John Nixon says interviews with ex-Iraqi dictator ‘turned assumptions upside down,‘ claims Bush heard ‘only what he wanted to hear‘

Sue Surkes is The Times of Israel's environment reporter.

Former Iraqi strongman Saddam Hussein, shortly after his capture in 2003, in a screenshot from a YouTube video uploaded December 17, 2016.
Former Iraqi strongman Saddam Hussein, shortly after his capture in 2003, in a screenshot from a YouTube video uploaded December 17, 2016.

The CIA analyst charged with interviewing Iraq’s former strongman Saddam Hussein says the US “got it wrong” about the dictator and his intentions in the run-up to the 2003 invasion of the country.

Not only were they mistaken about the despot’s attitude to weapons of mass destruction; they even screwed up on details such as his penchant for cigars and red meat.

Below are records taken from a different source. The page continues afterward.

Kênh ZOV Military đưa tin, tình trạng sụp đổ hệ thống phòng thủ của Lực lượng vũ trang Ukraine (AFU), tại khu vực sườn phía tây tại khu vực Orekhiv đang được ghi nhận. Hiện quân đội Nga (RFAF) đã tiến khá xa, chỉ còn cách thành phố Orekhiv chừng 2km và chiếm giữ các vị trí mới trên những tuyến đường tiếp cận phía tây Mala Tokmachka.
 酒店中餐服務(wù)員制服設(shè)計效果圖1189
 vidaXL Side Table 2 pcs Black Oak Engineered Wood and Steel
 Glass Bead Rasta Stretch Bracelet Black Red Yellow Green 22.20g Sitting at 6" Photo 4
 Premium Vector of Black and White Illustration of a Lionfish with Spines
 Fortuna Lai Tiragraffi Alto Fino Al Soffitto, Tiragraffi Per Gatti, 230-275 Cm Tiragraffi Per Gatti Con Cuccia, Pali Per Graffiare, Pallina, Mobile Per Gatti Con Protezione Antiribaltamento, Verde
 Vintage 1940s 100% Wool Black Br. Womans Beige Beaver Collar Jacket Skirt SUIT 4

The revelations, by CIA operative John Nixon, were published in Britain’s Mail on Sunday newspaper, prior to publication of his book, “Debriefing The President: The Interrogation Of Saddam Hussein.”

The interviews with Saddam, said Nixon, “turned our assumptions upside down.”

Nixon also says then-president George W. Bush blamed the CIA for “everything that went wrong and called its analysis ‘guesswork’ while hearing only what he wanted to hear.”

Former Iraqi president Saddam Hussein being arrested in late 2003, in a screenshot from a video uploaded to YouTube on December 17, 2016.
Former Iraqi president Saddam Hussein being arrested in late 2003, in a screenshot from a video uploaded to YouTube on December 17, 2016.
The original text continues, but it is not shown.